1.1. Modern Computer Architecture#
The increasing demand for computing power in big data and artificial intelligence applications has led chip and hardware manufacturers to focus on the development of multicore, cluster, and heterogeneous computing. Fig. 1.1 shows the architecture of modern computers.
Multicore refers to a computer that has multiple Central Processing Units (CPUs), each with multiple computing cores. The CPU has its own cache, such as Level 1 Cache (L1 Cache) or Level 2 Cache (L2 Cache), and the main memory is located outside the CPU.
Cluster refers to multiple computers connected through a high-speed network, with each computer equipped with a Network Interface Card (NIC).
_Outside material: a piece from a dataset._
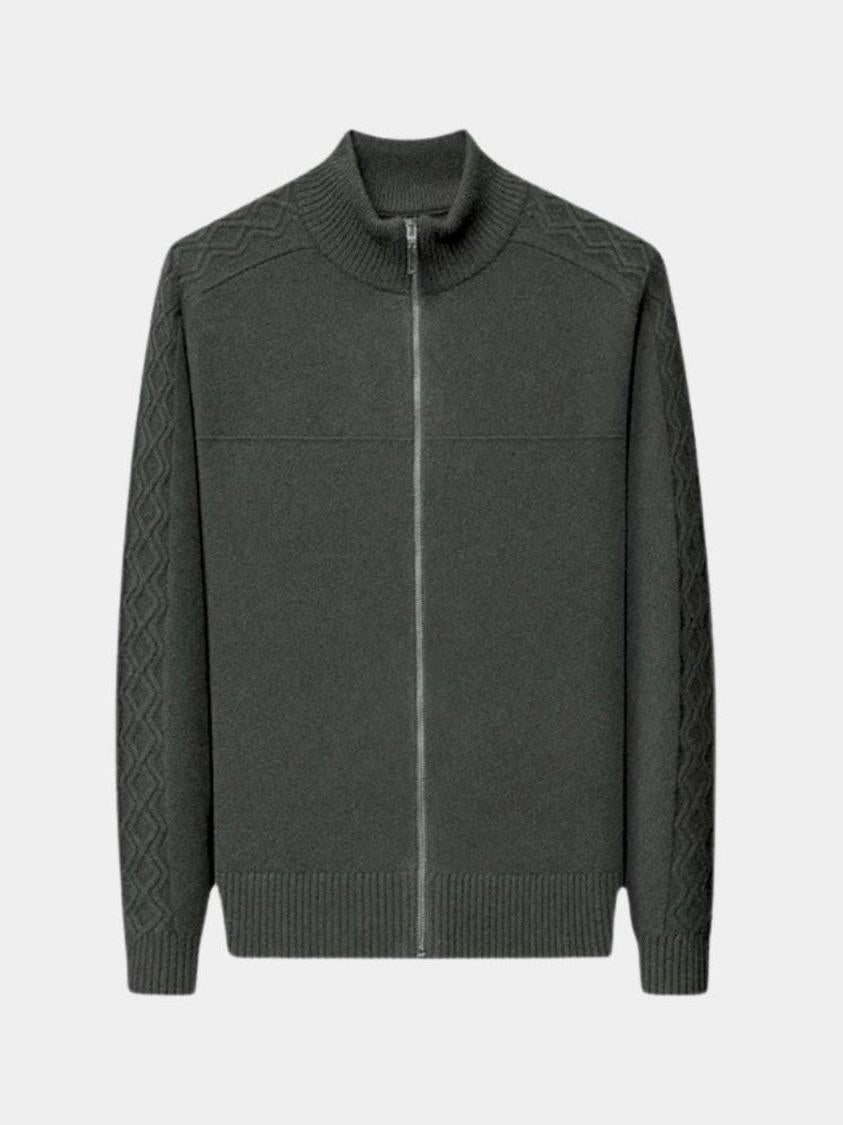 Steve - Zip Collar Knit Cardigan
In recent years, heterogeneous computing, represented by GPUs, has emerged as the core of artificial intelligence computing. Heterogeneous computing refers to microarchitectures other than CPUs, such as graphics processing units (GPUs), field-programmable gate arrays (FPGAs). In heterogeneous computing, CPUs are still responsible for traditional processing and scheduling, while devices such as GPUs are used to accelerate specific tasks such as graphics, image processing, artificial intelligence, and blockchain.
CPU#
Modern CPUs usually have multiple computing cores. For example, laptops and desktops can have up to a dozen cores, while data center servers can have hundreds of cores. However, distributing computing tasks to multiple cores is not simple and requires developers to schedule the tasks to different cores properly when programming.
Network Interface Card#
The computing power of a single computer node is limited. To build a high-speed interconnected cluster, data center servers are usually equipped with high-speed networks such as RDMA over Converged Ethernet (RoCE) or InfiniBand. Each computer is equipped with at least one high-speed NIC, and multiple computers are interconnected by fiber optics to achieve low latency and high throughput. This allows data access between different nodes as if data are on a single node.
Heterogeneous Computing#
In heterogeneous computing, the CPUs and main memory are usually referred to as the host, while various specialized accelerators are referred to as devices. Although heterogeneous computing is a broad concept, GPU-based heterogeneous computing is currently mainstream, especially with NVIDIA GPUs dominating a significant market share. Therefore, this section mainly focuses on GPUs as an example of heterogeneous computing. Compared to CPUs, GPUs have different chip microarchitectures and software stacks. In terms of software, NVIDIA GPUs provide the CUDA (Compute Unified Device Architecture) programming interface, and in terms of hardware, GPUs have multiple specialized computing cores (CUDA Cores and Tensor Cores) and GPU memory. Typically, there is a time cost in moving data from main memory to GPU memory.